Canonical Text Services
CTS (Canonical Text Services) is a protocol that makes it possible to cite digitally available texts in a canonical way. This citation is formalized via URNs like urn:cts:demo:shakespeare.sonnets:35.1, which specifies Shakespeares Sonnet 35 line 1. Other examples of URNs are:
urn:cts:demo:shakespeare.hamlet:1.2
urn:cts:demo:goethe.faust.de.ed1:35.1.4
urn:cts:demo:goethe.faust.en.ed4:35.1.4
URNs make it possible to share digital text passages with researchers around the world in a way that encompasses worrying about translations, editions, existance of physical copies or similiar problems.
There are 3 implementations of CTS which use different datastorage-techniques : graph based, xml based and sql based.
I present the MySQL-based implementation, which was implemented for the ESF project Billion Words.
The goal for this implementation - being capable of handling a CTS with a text collection with 1 billion words - was (over-) achieved. There is only a minimal impact on the memory use of the server and it is possible to run multiple instances, which allow different configurations or even user-specific CTS-instances or views.
Different views, for example, allow one CTS for teachers and a different CTS for students, which might only contain a small part of the data for tutorial use.
Another benefit of multiple instances is the possibility to provide additional meta information, which is not part of the CTS-specifications (e.g. dynamically calculated POS-tags). This flexibility enables the use of NLP-processing while still providing the CTS-functionalities without the need to change the data itself while still being valid against the specifications.

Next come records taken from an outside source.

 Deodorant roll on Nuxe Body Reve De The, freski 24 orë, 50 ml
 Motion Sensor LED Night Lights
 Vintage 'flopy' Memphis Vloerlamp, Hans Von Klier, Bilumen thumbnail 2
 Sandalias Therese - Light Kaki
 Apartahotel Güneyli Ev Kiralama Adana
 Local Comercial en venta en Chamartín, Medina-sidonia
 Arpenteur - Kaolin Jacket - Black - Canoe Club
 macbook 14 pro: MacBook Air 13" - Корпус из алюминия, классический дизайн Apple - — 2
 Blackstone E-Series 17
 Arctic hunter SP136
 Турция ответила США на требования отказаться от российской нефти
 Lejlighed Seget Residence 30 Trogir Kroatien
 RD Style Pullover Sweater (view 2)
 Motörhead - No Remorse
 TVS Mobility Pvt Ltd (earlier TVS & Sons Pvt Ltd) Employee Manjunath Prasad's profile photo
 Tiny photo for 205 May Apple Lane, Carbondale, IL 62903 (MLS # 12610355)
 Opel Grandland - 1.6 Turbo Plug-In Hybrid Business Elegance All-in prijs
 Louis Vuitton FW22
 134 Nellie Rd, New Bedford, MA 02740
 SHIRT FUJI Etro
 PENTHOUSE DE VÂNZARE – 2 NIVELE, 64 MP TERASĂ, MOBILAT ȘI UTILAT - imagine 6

This presentation will begin with an introduction in the CTS-standard. and some examples to show what CTS actually is. These examples will including the use of URNs directly as a cite in a PDF-document.
Then, after a short discussion about of the basic idea behind the sql based implementation, there will be a comparism between the properties of the different implementations. This comparism will be touching on technical details - like implications of the way data is stored - and also show differences which can directly change the reply that the user receives.
To show, that, under the right circumstances, CTS is capable of more than what it was specified for, this presentation will end with some example use cases, which are not being covered by the specifications of CTS. These can be implied from its structural approach to text or easily added using the flexibility of this implementation and the freedom to structure passages in the way you choose.